When I believed what I had was "just" a grapefruit-sized cyst, I pictured all 8 of my ACEs in it so that they could be removed from my body, too. My co-worker, @Carey S. Sipp (ACEs Connection Staff) suggested I was having an "ACE-ectomy." I LOVE that word. When I found out the cyst was cancer, I've continued to think of it as clumped up and old ACEs residue.
When I do guided imagery, I imagine the ACEs impact, along with the cancer cells being eradicated and healed by my immune system. When my tumor markers go down, I imagine it's the relief of carrying less trauma in each cell. Who knows, I may rebound from cancer feeling healthier than ever thanks to the ACE-ectomy! Before I lost my hair, my friend Heidi planned a photoshoot and brought blank canvases to write on. As well as some angry F-cancer signs, I wrote my intention to be healed in all ways by 2020. It's possible.
It's odd to see a photo of myself with hair as that's now gone. @Jane Stevens (ACEs Connection staff) said I could be her buzzcut buddy. While I am quite sure no one rocks this look as well as she does, her example inspires. Losing my hair was not as hard as I'd feared it would be and I'm not sure that would have been the case if she'd not led the way and wrote about it so beautifully here. We need to have real-life examples of those who have walked in our shoes. At least for me, no matter what I'm surviving, little else offers more comfort.

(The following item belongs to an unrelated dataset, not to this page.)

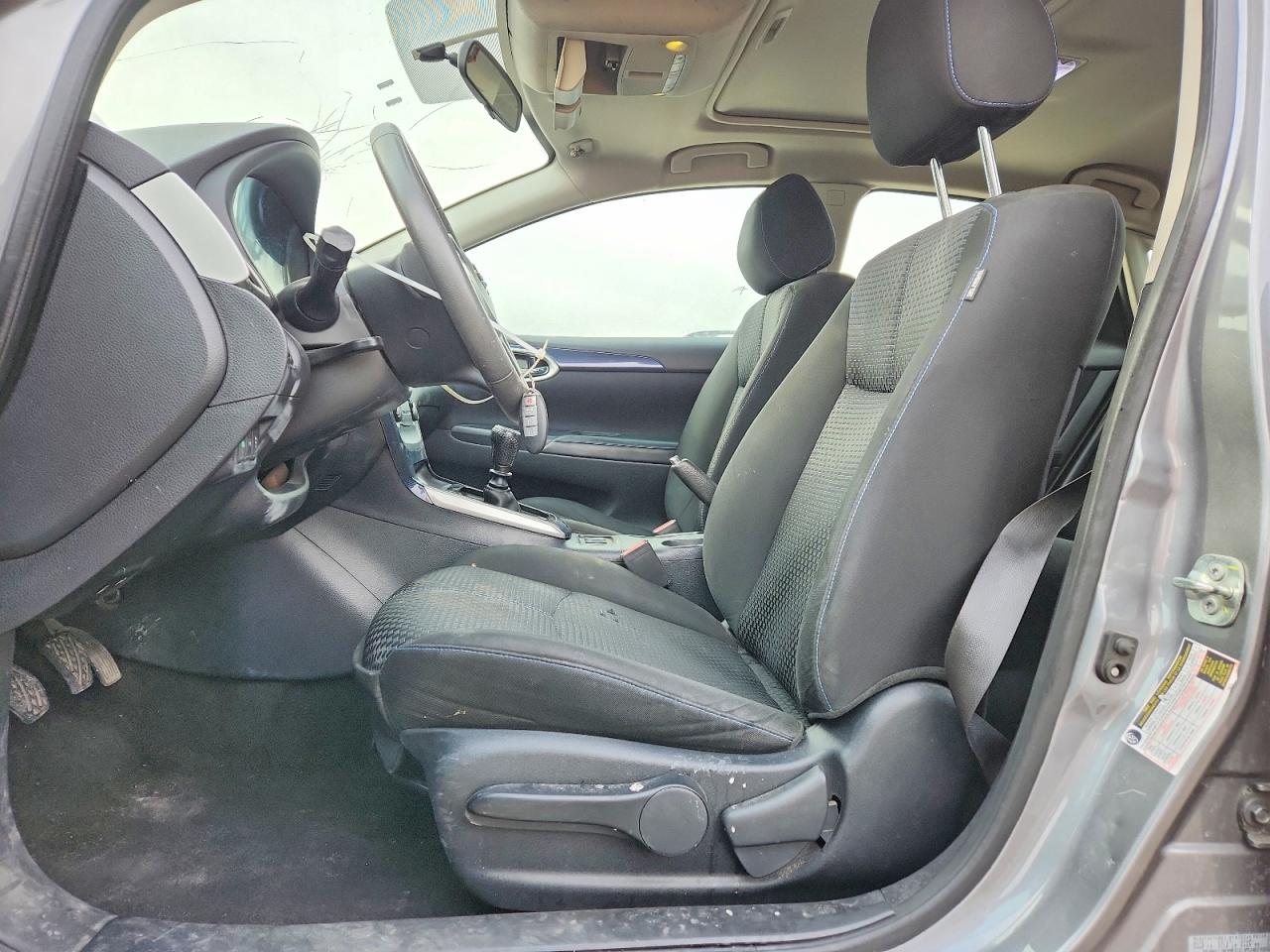 2017 NISSAN SENTRA SR TURBO photo 19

I know this post is heavy but I must say I have had so much support. I have never felt more loved in all my life. I'll share about all of that as well. It's been more healing than grueling, overall.
Plus, when I'm cold, my dog seems to know and warms my head and heart.
I'm better able to savor moments. When asked how I am, my new mantra is this: "In this moment... I am (fill in the blank)," and it astounds me how often I can honestly say, "good, great or o.k."
As so many have reminded me, and now I truly get in my gut, this moment is all any of us have and are guaranteed.